# Classifying Defect Sites on TiO Surfaces

## Imports

Get packages needed for computation and load trajectory from `.lammpstrj` file.

Some packages might not already be in your Python installation, make sure you have the following installed:
This requires the [ASE](https://wiki.fysik.dtu.dk/ase/), [dscribe](https://singroup.github.io/dscribe/latest/) and [sklearn](https://scikit-learn.org/stable/index.html) Python libraries for neighborlists, trajectory handling and building and analysis of atomic descriptors.

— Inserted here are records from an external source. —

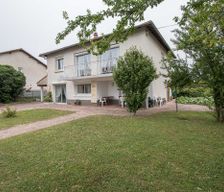 France Auvergne-Rhône-Alpes Pont-du-Château vacation rental compare prices direct by owner 29562657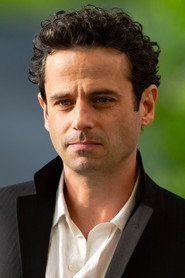 Photo of Luke Kirby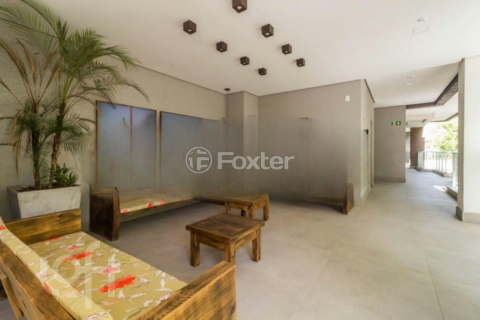 Image 21 - 858272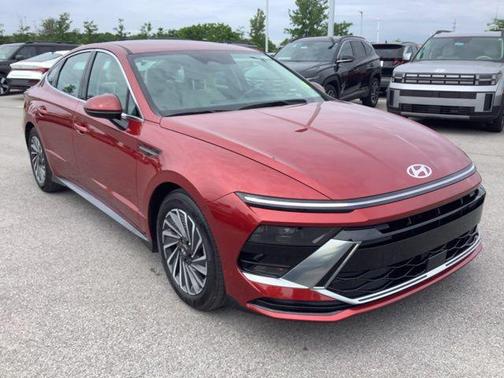 Ultimate red 2025 Hyundai SONATA Hybrid SE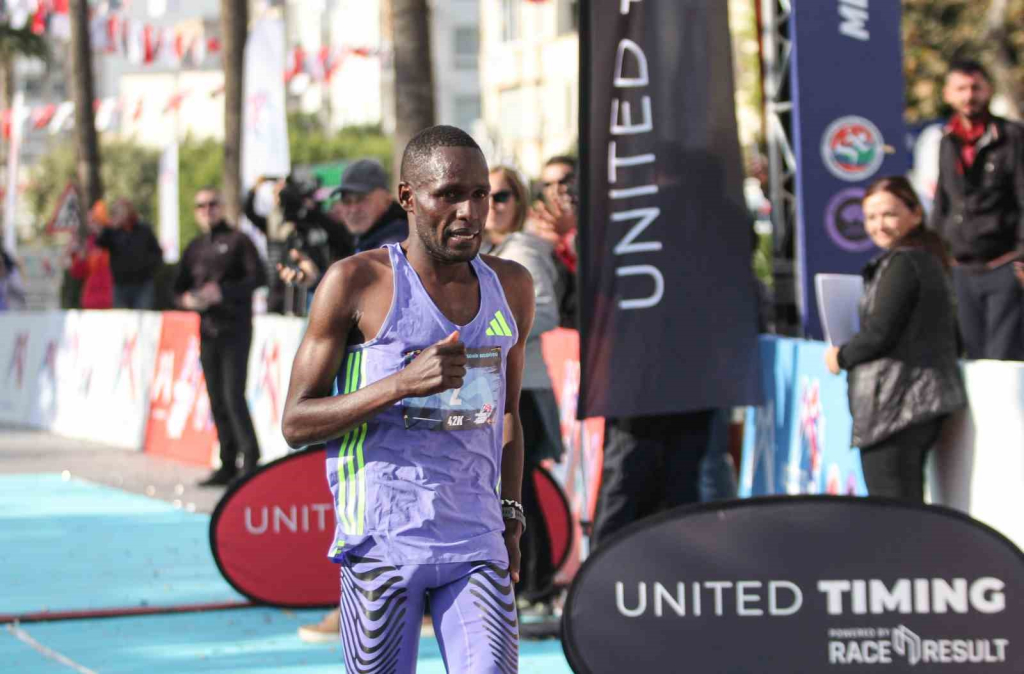 20241215aw350620 0.jpg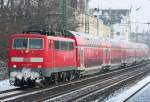 Die 111 014-7 zieht ihren RE4 von Dortmund nach Aachen gerade durch Dsseldorf Vlkinger Strae am 15.02.2010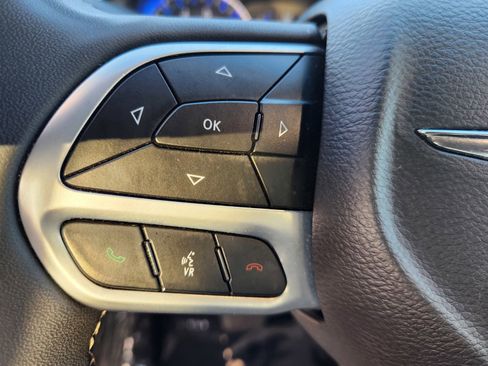 Used 2023 Chrysler Voyager LX image 37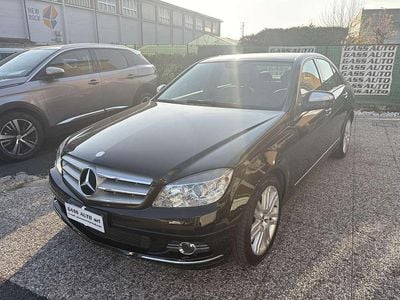 Usata Mercedes C220 Avantgarde 170 CV (125 kW) 2008 Nero Berlina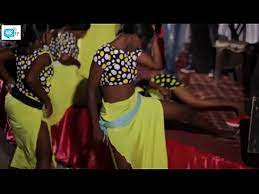 Chura akicheza singeli uchi baioko chura wa mbagara miss buza. Khanga Moja Wacheza Uchi Hadharani Xvideos Com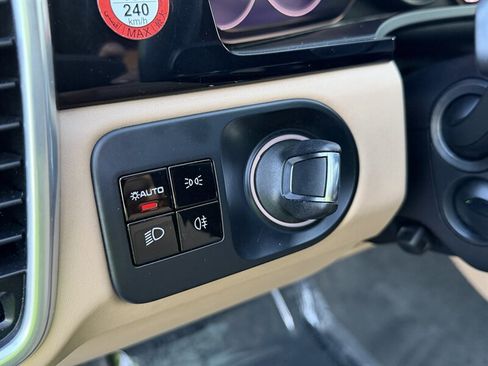 Used 2021 Porsche Cayenne image 26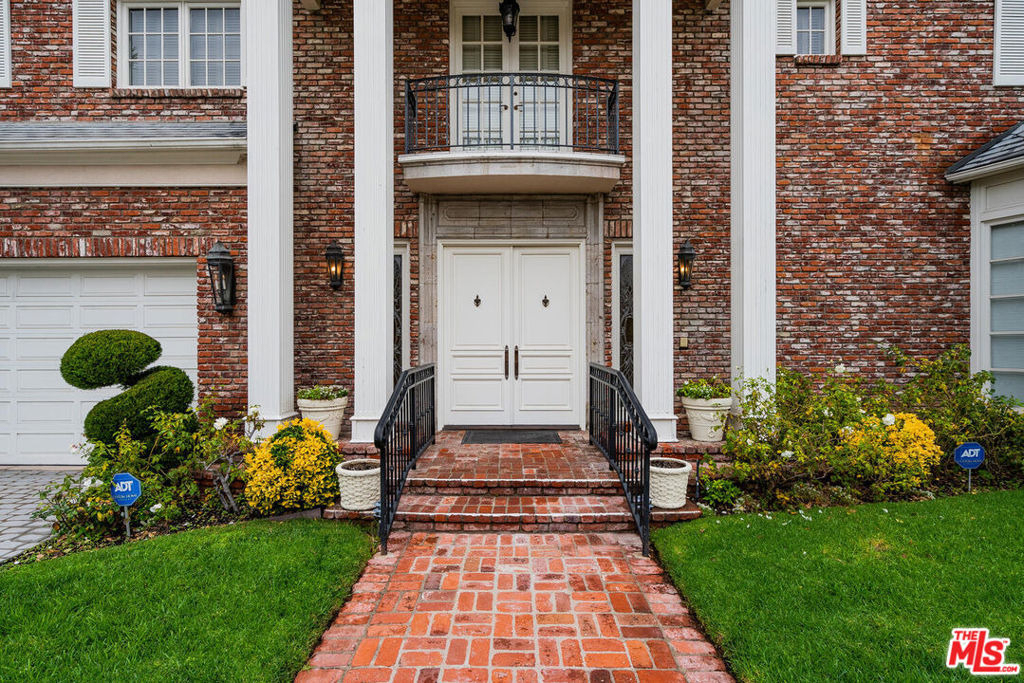604 N Linden Drive - Photo 1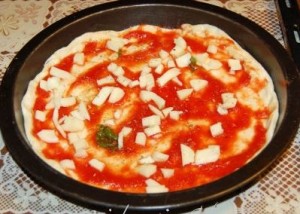 Fare-la-pizza-con-la-macchina-del-pane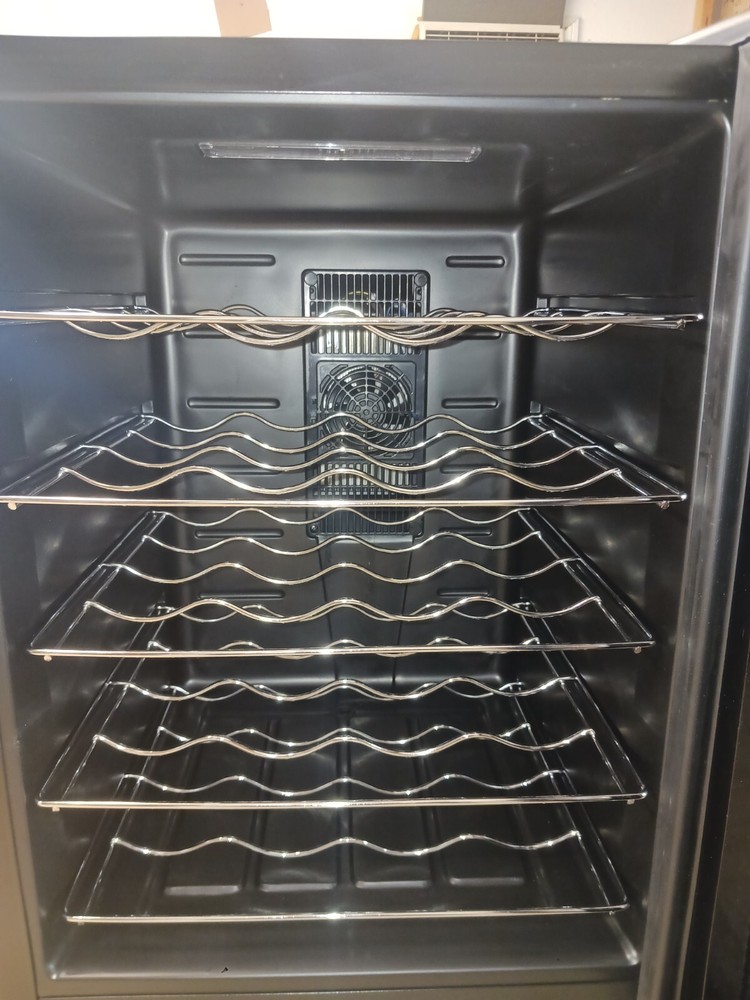Koolatron WC20 20 Thermoelectric Wine Fridge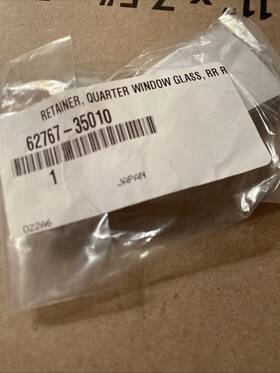Toyota 62767-35010 Genuine Quarter Glass Upper Retainer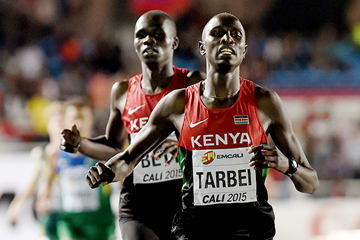Kenya's Willy Tarbei wins the 800m from Kipyegon Bett (Getty Images)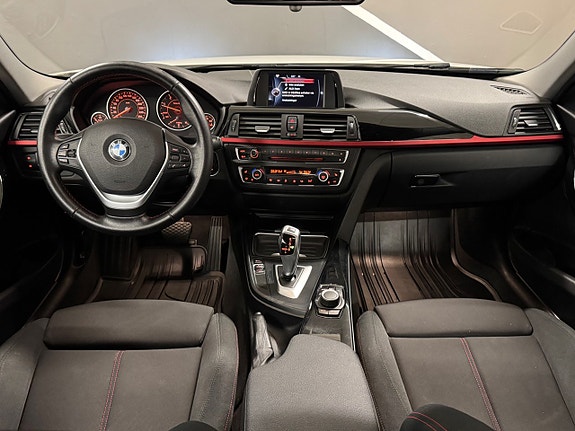 BMW 320 11 of 17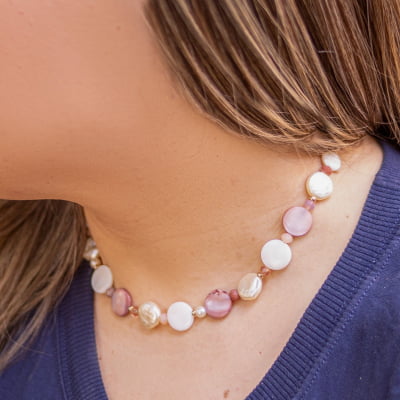 Colar curto bordado a mão com cristais, pérolas abs e madrepérola, folheado a ouro 18k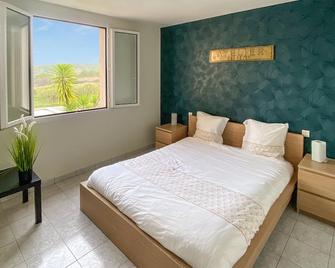 3 bedroom cozy home in Quarante - Quarante - Habitación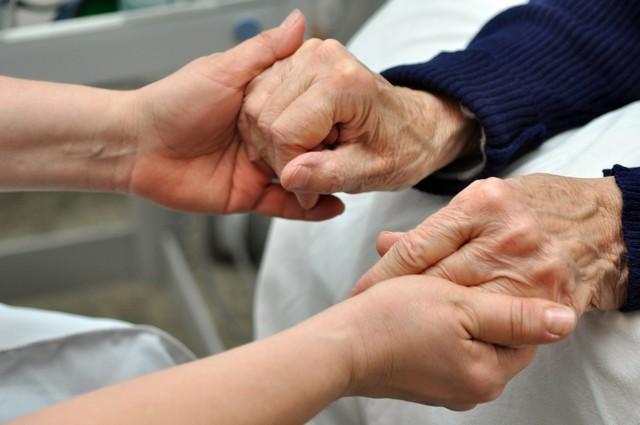 ΕΠΙΔΟΜΑ ΚΟΙΝΩΝΙΚΗΣ ΑΛΛΗΛΕΓΓΥΗΣ. Ποιοι δικαιούνται από 200 ευρώ το μήνα στον Δήμο Πύργου – Όλη η Απόφαση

In the future, or alternatively, [ASAP](https://github.com/BingqingCheng/ASAP) could be used to handle the building and analysis part.

In [None]:
import numpy as np
import matplotlib as mpl
import matplotlib.pyplot as plt
import pandas as pd

from ase.neighborlist import NeighborList, natural_cutoffs
from ase.io import read as ase_read, write as ase_write
from dscribe.descriptors import SOAP
from sklearn.decomposition import PCA, KernelPCA

In [None]:
trajectory_path = "defect_test_out.lammpstrj"
trajectory = ase_read(trajectory_path, index=':100')

Get indices of all individual elements for later use.

In [None]:
ti_indices, o_indices, h_indices = [], [], []

for ii_symbol, symbol in enumerate(trajectory[0].get_chemical_symbols()):
    if symbol == 'Ti':
        ti_indices.append(ii_symbol)
    elif symbol == 'H':
        h_indices.append(ii_symbol)
    elif symbol == 'O':
        o_indices.append(ii_symbol)
    else:
        raise ValueError("Undefined element {symbol} found in initial snapshot at index {ii_symbol}.")


## Building Atomic Descriptors

Currently `r_cut` is being set to just be any number, in the future it would make sense to make some sort of educated guess.
Some multiple of the distance to the mean of nearest neighbour?
The number of basis functions in `n_max` and `l_max` is also chosen arbitrarily as of now.

In [None]:
soap = SOAP(r_cut=5., n_max=12, l_max=12, sigma=0.4, species=['Ti', 'H', 'O'])
soaps = soap.create(trajectory[0], positions=o_indices)
print(soaps.shape)

## Get Atomic Configurations via Neighbor Lists

Use the `dscribe.neighborlist` package to gain a rough idea of the atomic configuration of each oxygen atom.

In [None]:
neighbor_list = NeighborList(cutoffs=natural_cutoffs(trajectory[0], mult=1.), self_interaction=False, bothways=True)
neighbor_list.update(trajectory[0])

o_neighbors = []
for o_index in o_indices:
    o_neighbors.append(np.append([o_index], neighbor_list.get_neighbors(o_index)[0]))

In [None]:
o_symbols = []
for o_neighbor in o_neighbors:
    o_symbols.append(trajectory[0][o_neighbor].get_chemical_formula(mode='hill'))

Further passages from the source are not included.